Imagine yourself here in the 1500s. The year is 1524. There’s the faint clatter of horse hooves and the murmuring of finely dressed nobles. This is the new home for someone powerful: Hortuño Ibáñez de Aguirre, a man of the King’s own council-and even the Inquisition. He and his wife, María, first dreamed this place would be a home for Dominican nuns, but once it stood finished, shimmering bright and new, they decided to live here themselves.
They promised the nuns a convent somewhere else, while within the palace, guests gathered in the cool, shadowed courtyard, their voices echoing off the two-story stone arches. Kings and queens, grand dukes, and even the infamous Joseph Bonaparte-yes, Napoleon’s own brother-slept here when passing through Vitoria. Picture the royal wagons creaking to a halt, servants bustling, and perhaps a watchful, suspicious glance from a palace guard.

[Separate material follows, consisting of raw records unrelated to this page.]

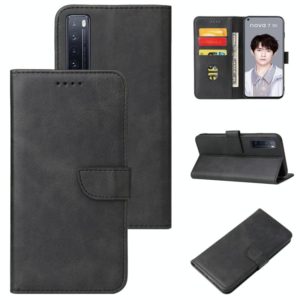 For Huawei nova 7 5G Calf Texture Buckle Horizontal Flip Leather Case with Holder & Card Slots & Wallet(Black) (OEM)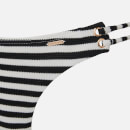 Superdry Women's Alice Textured Cupped Bikini Bottoms - Mono Stripe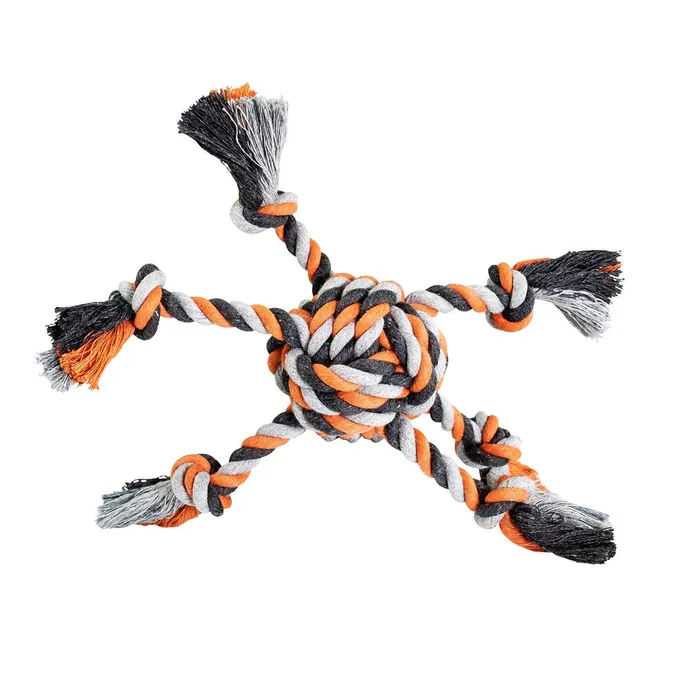 Hauptproduktbild Míč OCTOPUS HipHop bavlněný 6 ramen 8 cm, 160 g šedá, tm.šedá, oranžová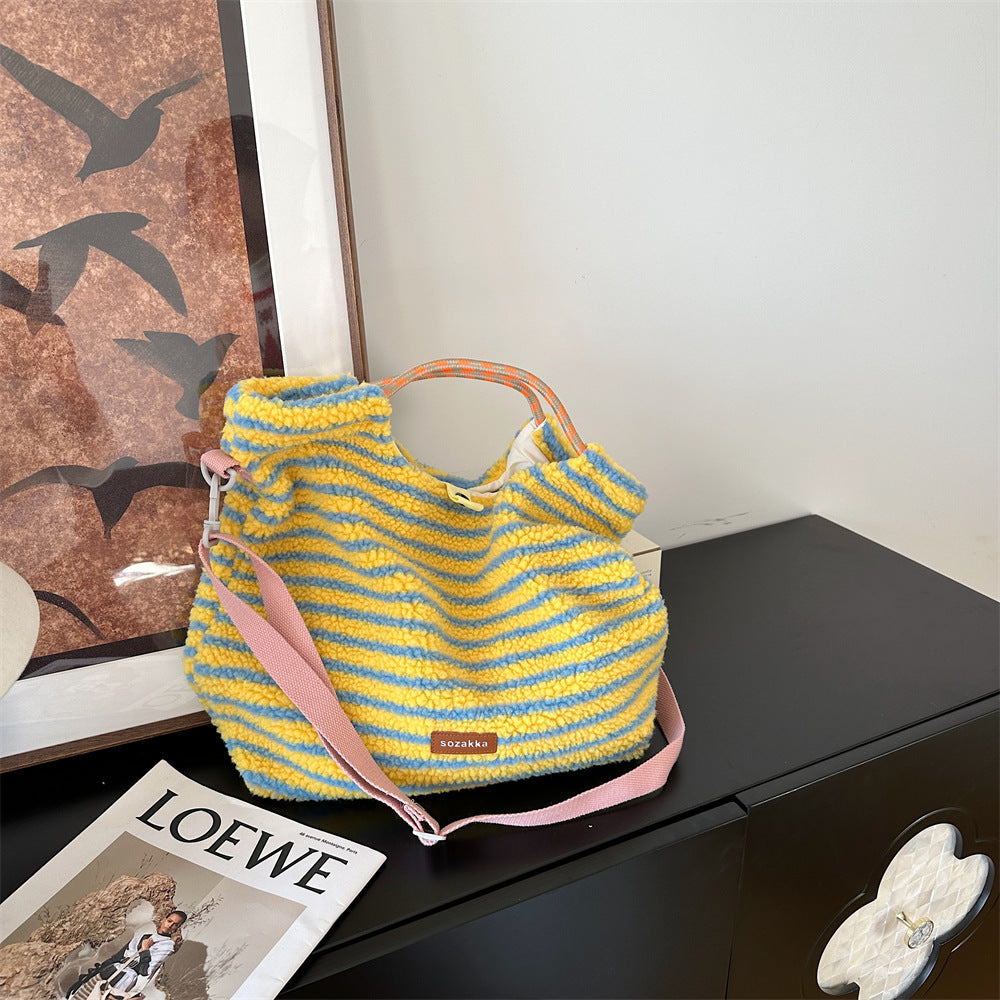 Striped plush large capacity shoulder tote bag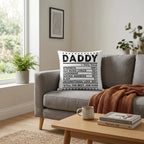 Dad Nutrition Facts Indoor/Outdoor Throw Pillow | Funny Father's Day Pillow | Dad Gift Cushion | Patio & Home Decor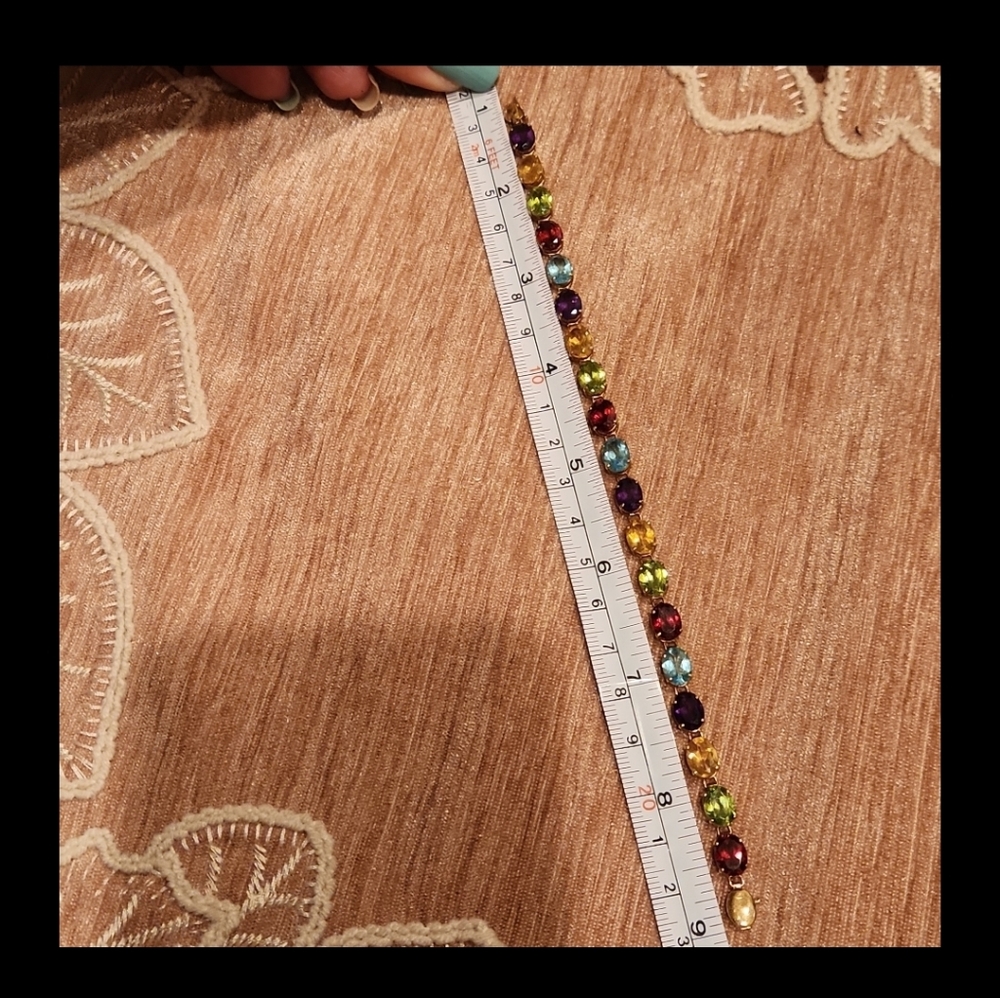 14k Solid Gold Multicolor Oval Gemstone Tennis Br… - image 7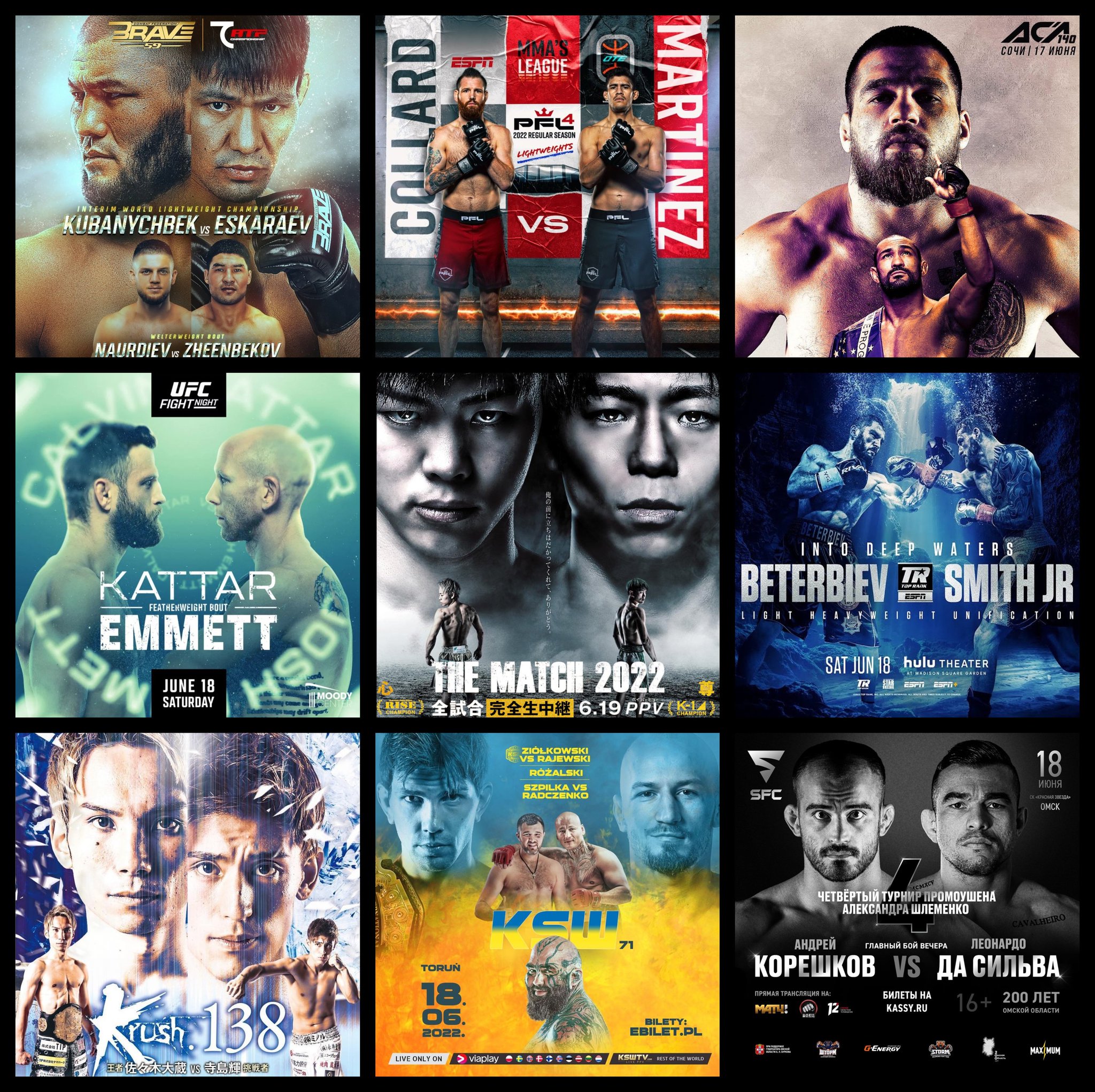 caposa on Twitter "Live Combat Sport Schedule 6/15 6/19 Complete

The name “Montehermoso” comes from the marquises who lived here. One marchioness even nannied the children of Spain’s kings. Tales of secret meetings and high drama unfolded behind these walls-political alliances, whispered plots, and romances, all hidden from the city below.
The palace changed with the times. Once seized by the church and remade as a bishop's seat, it later became a soldiers’ barracks during the turbulent Carlist wars. The façade you see today owes its castle-like look to a grand makeover in the 1800s. Every stone hints at drama-from royal banquets to moments of collapse and ruin.
Now, the world within Montehermoso springs with creativity. Since 1997, it's a living center of art and culture, humming with music, photography, dance, and teamwork, often crafted by Vitoria’s own artists. Beyond the old walls is something even stranger: a tunnel leads to the city’s Victorian-era Water Depository, a vast underground space used for wild, futuristic exhibitions. Imagine music echoing under stone, paintings glowing in hidden chambers, and children laughing as they discover the secrets left by centuries.
Pause here and take it in-the crisp air, the timeless stones. If these walls could talk, you’d hear stories of queens, soldiers, rebels, and artists, all woven together into the heart of Vitoria-Gasteiz.